Steve Cheney’s post How Facebook is Killing Your Authenticity makes this interesting comment about Facebook:
Facebook is no longer a social network. They stopped being one long before the movie. Facebook is really a huge broadcast platform. Everything that happens between its walls is one degree away from being public, one massive auditorium filled with everyone you’ve ever met, most of whom you haven’t seen or spoken to in years.
I agree with the “huge broadcast platform” comment. But it’s not all Facebook’s fault.
Advertisers have lusted after the ability to fine-tune advertising messages since before I was born. Along comes Facebook with its offer of access to personal and social information. It’s no surprise that many advertisers bypass the “community” nature of social media and social networking technologies. Engaging with multiple communities takes time and money. For many it’s easier to fall back on the controllable broadcast advertising model: deal primarily with one-way communications that efficiently focus on purchasing.
How is this different from how Google serves us ads? As I suggested in It’s not true that “Google Doesn’t Do Social” I’m not so sure. Much of what Google picks up from our online searching and communication behavior is to a great extent “social” since it concerns how we communicate and interact with other people. We just don’t see how Google works as much as we see how Facebook works.

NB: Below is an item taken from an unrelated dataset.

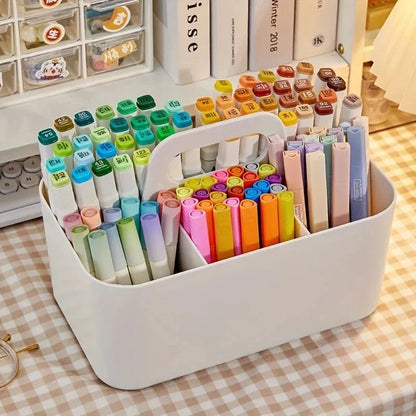 Portable Five Compartment Storage Basket For Desk Organization With Carry Handle 1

Does this mean, as Cheney suggests, that Facebook is really kiling “authenticity”? Not necessarily. I’m less concerned about authenticity that I am about Facebook’s being closed off from the rest of the web and search engine indexing robots. That doesn’t necessarily kill authenticity. But it it does hurt your ability to manage your own messaging, just as it assumes you only benefit by communicating with people you know.
That might be OK when you’re a kid. But in the real world it’s unwise to put all your communication eggs into one basket. Or barrel.